A seasoned writer, artist, musician, and storyteller, Janet defies the stereotype of a down-home, heartland gal. Her travels have taken her across Africa, Asia, and Latin America, where she initiated and directed development projects, provided training, and taught. Her cross-cultural focus continued upon her return to the U.S. in her work with Native American pueblos, inner-city African Americans, Latinos, and—perhaps most foreign of all—the California computer industry. Janet was also the recipient of a three-year leadership fellowship in international development from the Kellogg Foundation.

Sightlines: A Poet’s Diary is Janet’s family love story, a remembrance narrated in story poems that traverses the boundaries of life and death. In the words of one reviewer, the collection offers “village wisdom for the 21st century.” Sightlines won an honorable mention in the 2007 DIY (Do It Yourself) festival.

Janet’s writing has also been published in numerous literary venues including the Harvard Review, Cream City Review, and the International Poetry Review.

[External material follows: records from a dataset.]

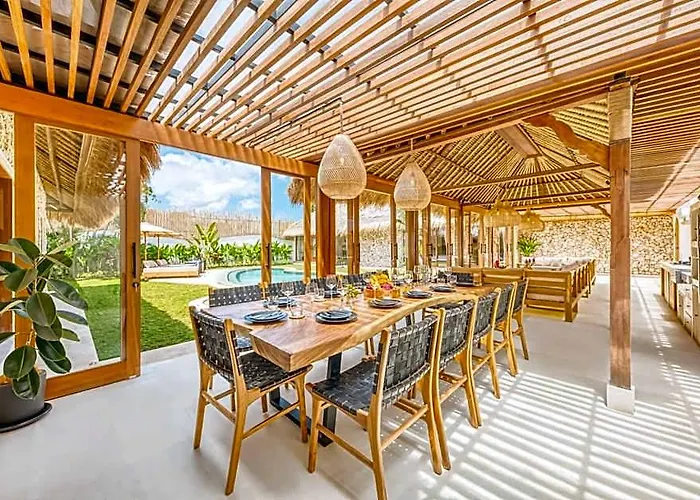 Huge 16 Bedrooms, 2 Combined, 2 Pools ホテル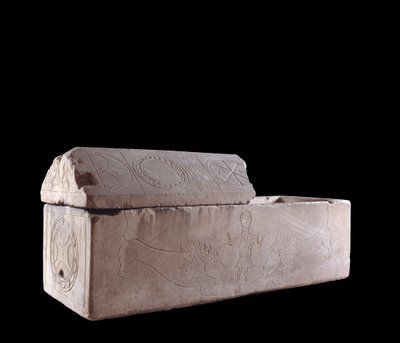 Merovejské umění: sarkofág Charentonu na Cher zdobí výjevy umučení Daniela v jámě lvů. 7. století. Bourges, Berry Museum od Merovingian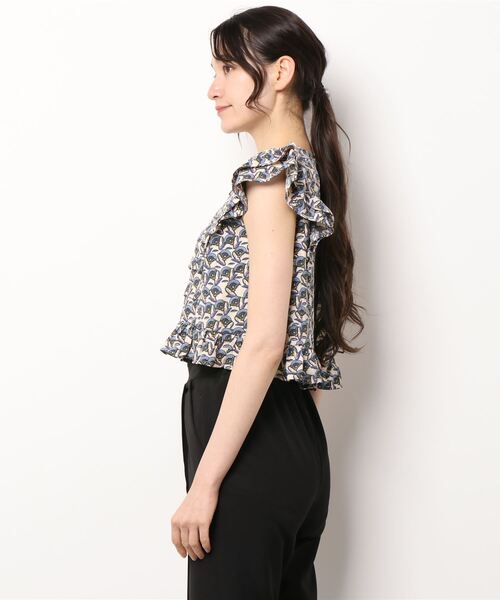 N.（N. Natural Beauty Basic）（エヌエヌナチュラルビューティーベーシック）の「フリルプリントブラウス（シャツ/ブラウス・レディース・ホワイト系その他/ブルー系その他・MEDIUM）」の4枚目の写真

Hot Flashes: More Sexy Little Poems and Stories is one of three publications where her work has been anthologized. She was twice selected as finalist for Poet Laureate of Lake County, California.

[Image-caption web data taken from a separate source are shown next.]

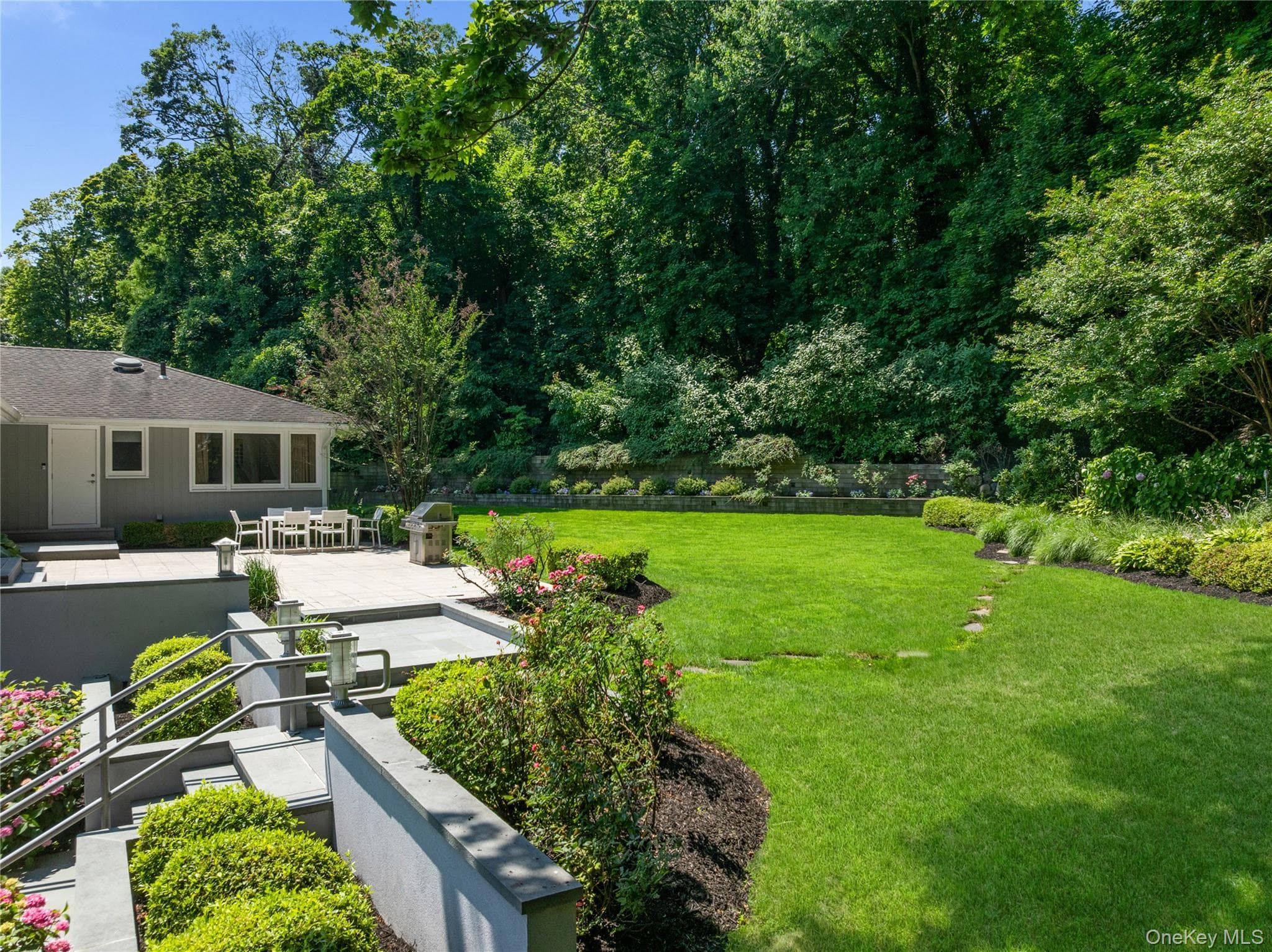353 E Shore Road thumbnail 21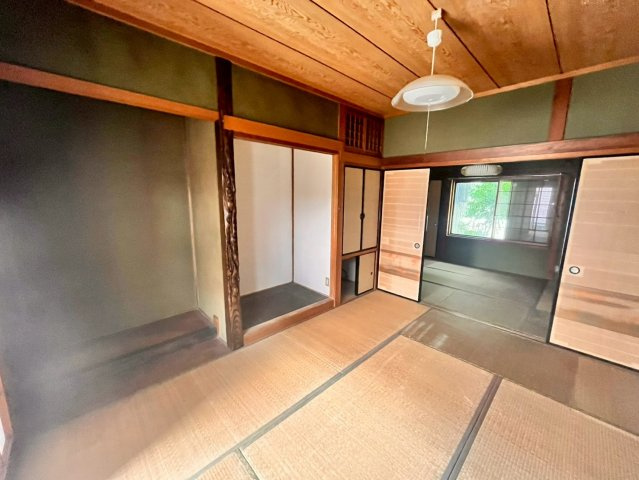 吉原町平池店舗の内装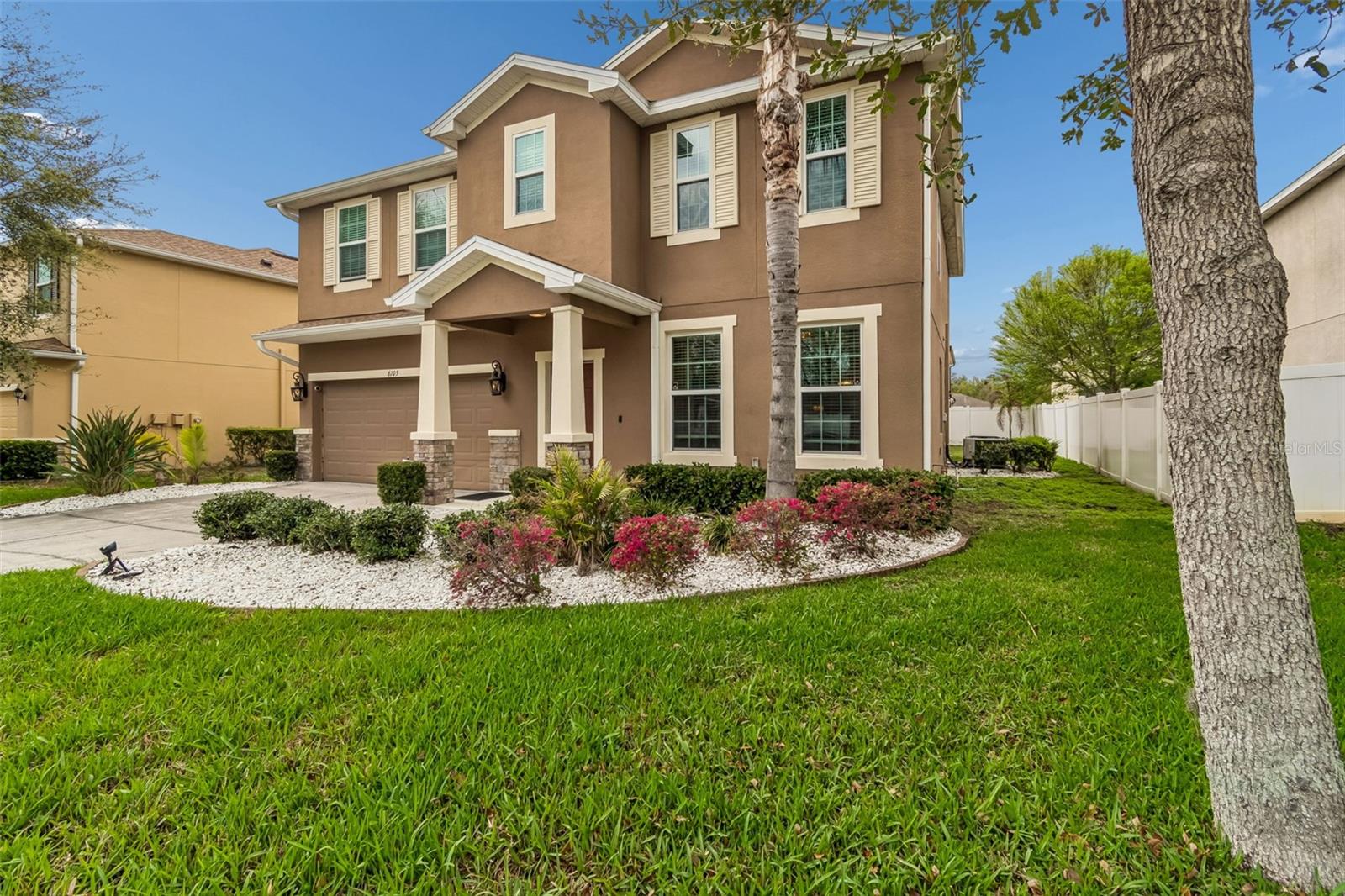 TEN OAKS - Residential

Writing is the backbone but not the complete body of Janet’s creative life. In 1990 she mounted “Celebrating an African Experience,” a full-scale visual art exhibit incorporating large-scale paintings on cloth, creative writing, chants, songs, dances, and ceremonies. The enthusiastic reception spurred her to earn a BFA from the California College of Arts and Crafts. Janet was subsequently awarded an Artist in Bioregional residence from the University of California at Davis.

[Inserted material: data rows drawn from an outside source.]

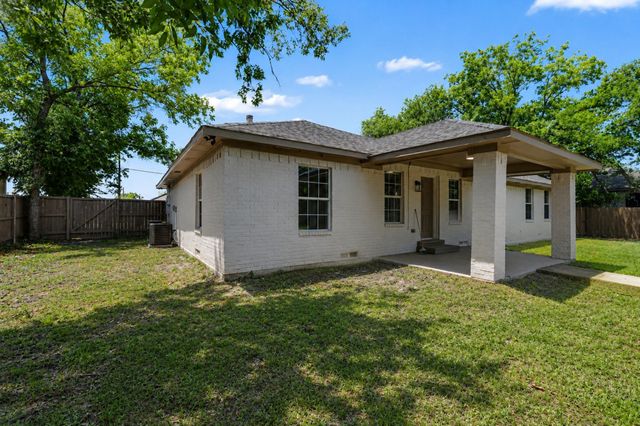 307 Dixon Street, Terrell, TX 75160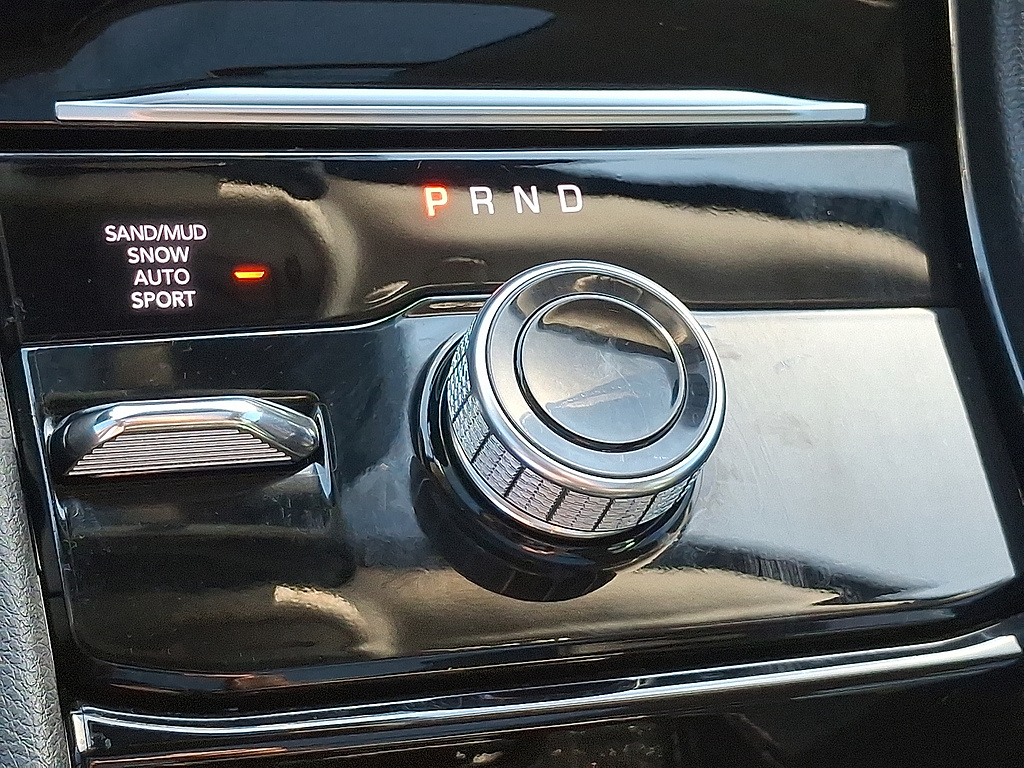 2022 Jeep Grand Cherokee L photo 16 of 32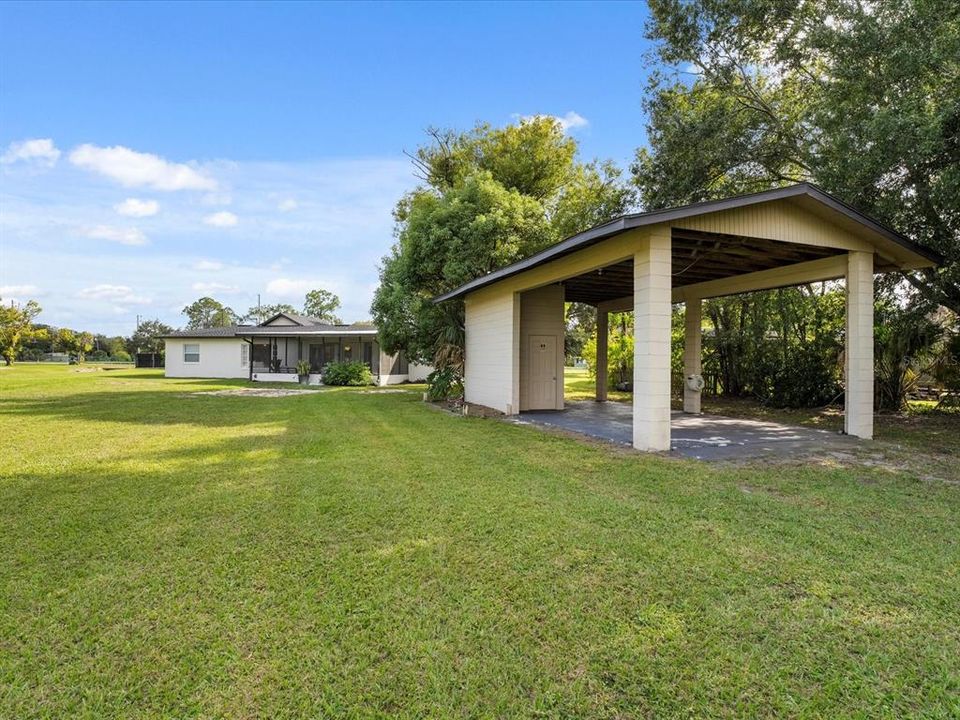 На продажу: $1,395,000 (4 спален, 0 ванн, 1982 Квадратных фут)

With her father in his 90s, Janet returned to the Midwest in 2007.  After her father’s death in 2015 she settled on the home place her ancestors founded in the 1860s. In southwest Illinois, it sits high on a bluff above the Mississippi River. A return to her roots has re-stimulated Janet’s writing beyond professional and literary journal writing. Poetry, memoir, short stories—all are genres she has embraced.

Further exploration of new arenas led to the publication of an audiobook “Sightlines: A Family Love Story in Poetry and Music.” A companion piece to Sightlines: A Poet’s Diary, music from her father’s parlor and his jokes and stories anchor the original poems in their time and place. Her audio book won an honorable mention from the San Francisco Book Festival in the audio/spoken word category.

Africa and the Midwest. Visual, written, and performance arts. The intimate and the public. The woven strands secure Janet’s heart so that she may follow it no matter its destination.